Al fin, escupiendo sangre, bajó de la montaña y se embarcó de vuelta. Tenía miedo de ser enterrado en vida. Le contaba estas historias a sus amigos, mientras —ya de vuelta en París— paseaba melancólicamente por los pasajes y las galerías donde iba a comprar antigüedades (té, canela y chinoiseries) para George Sand. Cuando él la conoció, ella —madre de dos hijos y recién separada de su marido— se ganaba la vida pintando tabaqueras. Se vestía de hombre para vender mejor su pacotilla, porque la gente se escandalizaba al verla fumar en la calle. Ella vivía entonces en el 31 de la rue de Seine, donde hoy sólo hay anticuarios. Luego, cuando Chopin se convirtió en su amante, tenía ya una buhardilla «azul» en el 19 del Quai Malaquais. Vivieron juntos en la Square d’Orléans, en la rue Pigalle… Pero su historia de amor acaba dramáticamente en el 18 de la rue de La Ville-l’Evéque, en casa de madame Marliani. Aquí fue donde la pareja tuvo, en público, su pelea definitiva. Los ojos de india de George Sand —normalmente inexpresivos— brillaban aquel día con antiguos rencores. Su cabellera, adornada con un puñalito de plata, se agitaba sobre sus hombros. Más que la nieta de un mariscal de Sajonia parecía ahora hija de su madre, la vendedora ambulante de pájaros. Estaba hermosa como una gitana en celo, y la cruz que llevaba colgada con una cinta de terciopelo en su cuello brillaba como un relámpago.
Él intentó levantar la voz, pero sólo emitió un sonido cavernoso y profundo.
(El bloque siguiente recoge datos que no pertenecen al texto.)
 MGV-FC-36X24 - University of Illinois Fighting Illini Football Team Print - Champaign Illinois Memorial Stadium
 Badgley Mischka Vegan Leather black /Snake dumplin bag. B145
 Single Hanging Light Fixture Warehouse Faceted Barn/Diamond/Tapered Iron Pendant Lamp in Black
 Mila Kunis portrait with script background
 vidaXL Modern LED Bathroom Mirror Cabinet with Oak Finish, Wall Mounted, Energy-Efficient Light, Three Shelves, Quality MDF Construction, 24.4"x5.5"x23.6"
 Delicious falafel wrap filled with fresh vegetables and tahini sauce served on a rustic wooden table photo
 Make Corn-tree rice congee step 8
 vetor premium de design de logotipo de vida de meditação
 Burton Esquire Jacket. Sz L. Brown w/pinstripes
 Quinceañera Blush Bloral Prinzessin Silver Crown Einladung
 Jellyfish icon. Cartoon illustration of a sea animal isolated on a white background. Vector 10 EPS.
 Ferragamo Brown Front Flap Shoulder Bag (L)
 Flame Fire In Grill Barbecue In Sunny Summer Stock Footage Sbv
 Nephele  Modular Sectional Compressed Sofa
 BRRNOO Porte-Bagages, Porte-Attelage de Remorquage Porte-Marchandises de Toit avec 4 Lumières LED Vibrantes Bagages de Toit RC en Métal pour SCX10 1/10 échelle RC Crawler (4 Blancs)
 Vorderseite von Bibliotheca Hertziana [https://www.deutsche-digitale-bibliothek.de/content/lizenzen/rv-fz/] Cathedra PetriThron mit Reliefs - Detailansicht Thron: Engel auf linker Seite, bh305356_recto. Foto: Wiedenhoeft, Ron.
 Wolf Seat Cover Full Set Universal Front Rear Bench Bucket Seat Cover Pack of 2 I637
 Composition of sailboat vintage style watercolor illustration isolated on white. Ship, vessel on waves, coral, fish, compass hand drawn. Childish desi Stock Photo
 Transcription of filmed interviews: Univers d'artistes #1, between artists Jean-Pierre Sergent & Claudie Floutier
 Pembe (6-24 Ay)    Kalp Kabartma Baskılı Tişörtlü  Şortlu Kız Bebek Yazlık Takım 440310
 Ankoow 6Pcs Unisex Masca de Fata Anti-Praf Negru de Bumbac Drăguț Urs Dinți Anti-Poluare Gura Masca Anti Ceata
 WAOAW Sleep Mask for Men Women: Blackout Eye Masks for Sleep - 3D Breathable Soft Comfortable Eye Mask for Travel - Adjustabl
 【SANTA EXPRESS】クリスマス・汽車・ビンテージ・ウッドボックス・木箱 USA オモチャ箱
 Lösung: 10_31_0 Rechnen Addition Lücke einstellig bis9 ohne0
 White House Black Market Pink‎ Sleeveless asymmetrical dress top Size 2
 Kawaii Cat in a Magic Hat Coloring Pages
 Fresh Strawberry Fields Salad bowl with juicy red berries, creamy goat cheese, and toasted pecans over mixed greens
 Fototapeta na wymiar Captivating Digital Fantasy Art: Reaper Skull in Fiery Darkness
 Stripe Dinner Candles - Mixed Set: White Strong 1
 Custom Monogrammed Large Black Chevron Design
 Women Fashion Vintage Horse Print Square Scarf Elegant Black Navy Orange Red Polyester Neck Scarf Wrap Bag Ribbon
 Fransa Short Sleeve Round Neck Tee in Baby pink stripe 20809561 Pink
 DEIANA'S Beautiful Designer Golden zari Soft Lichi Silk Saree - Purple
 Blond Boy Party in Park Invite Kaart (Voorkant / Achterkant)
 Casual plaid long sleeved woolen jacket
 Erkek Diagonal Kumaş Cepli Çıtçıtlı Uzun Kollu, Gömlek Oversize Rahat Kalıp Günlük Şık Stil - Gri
Salió de la casa enfebrecido, apretando la sangre de los pájaros heridos en su pañuelo.
George Sand, que tenía un corazón grande, le invitó más tarde a regresar a Nohant, a pasar unas vacaciones con sus amigos. Pero él ya sólo andaba tosiendo entre las antigüedades. De París a Londres, de Londres a Edimburgo, le perseguía el frío, los nocturnos, las marchas fúnebres… Tenía miedo de ser enterrado en vida. Cuando cerró los ojos, sus amigos arrancaron el corazón al cadáver y lo mandaron a Polonia.
Le llevé un poco de musgo verde de la tumba de Père Lachaise a un especialista en líquenes. «Algunas de estas especies —me dijo, después de estudiarlas— no son propias de París, sino de los húmedos bosques polacos».